La société d'analyse de la conduite Zendrive a examiné de plus près le problème de la distraction au volant, en utilisant les données des capteurs de plus de 3 millions de conducteurs et de 5,6 milliards de kilomètres de trajets. L'étude a révélé que les conducteurs utilisent leur téléphone pendant 88 % de leurs trajets. De nouvelles données du National Safety Council (NSC) estiment que 40 000 personnes sont mortes dans des accidents de la route en 2016, soit une augmentation de 6 % par rapport à l'année précédente. L'étude souligne que 47 % des automobilistes n'hésitent pas à envoyer des SMS au volant. Et ce, même si d'autres études montrent que l'utilisation d'un téléphone portable en voiture peut être plus distrayante que la consommation d'alcool au volant.

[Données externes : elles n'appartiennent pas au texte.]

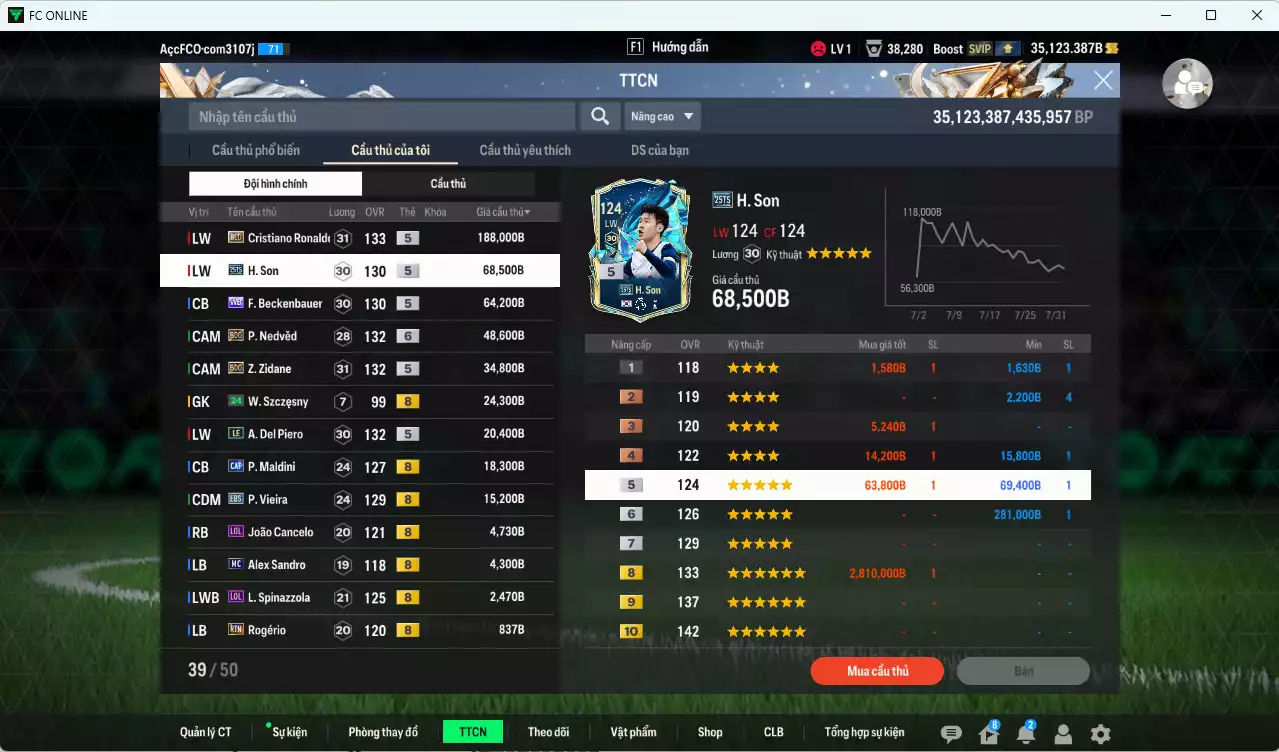 Ảnh [ACC Rẻ🔥] Quốc Dân 495.740b dư 35.100b có CR7 BLD, H. Son 25TS, Beckenbauer WB, Nedved BDO+6, Zidane BDO, Del Piero LE, Maldini CAP, Vieira EBS...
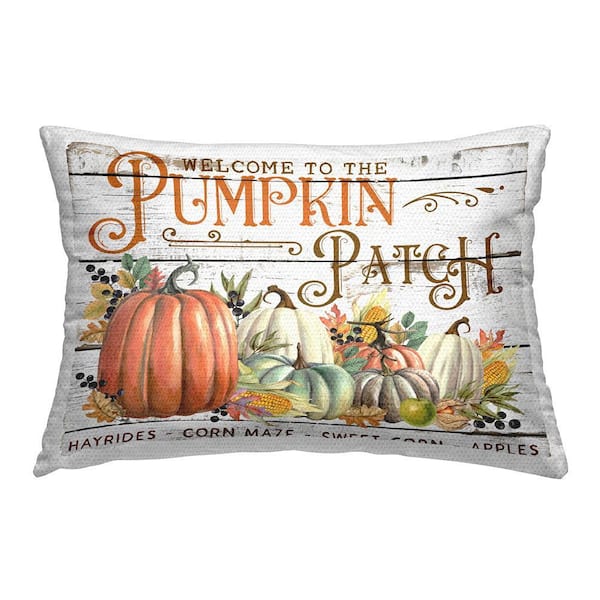Welcome Pumpkin Patch Orange Rectangular Outdoor Throw Pillow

La NSC estime que le coût des décès, des blessures et des dommages matériels causés par les véhicules à moteur s'est élevé à 432 milliards de dollars en 2016, soit une augmentation de 12 % par rapport à l'année précédente. Ces coûts comprennent les pertes de salaires, de productivité, les frais médicaux, les dommages matériels et les frais administratifs. Tout cela ne va pas dans le bon sens, pas plus que notre vulnérabilité aux distractions.

La réponse à ma question semble être oui, mes habitudes ont probablement changé pendant que je conduisais sans que je m'en rende compte. Les petites études pilotes ont pour but de soulever des questions en vue de recherches futures. Avons-nous besoin de voix indépendantes pour nous aider à trouver un équilibre entre les expériences agréables dans nos voitures et la sécurité ? Les véhicules doivent-ils être plus intelligents face aux distractions ? À tout le moins, nous devons mieux comprendre les distractions, en utilisant les outils qui peuvent identifier ce qui nous distrait, et dans quelle mesure, à tout moment.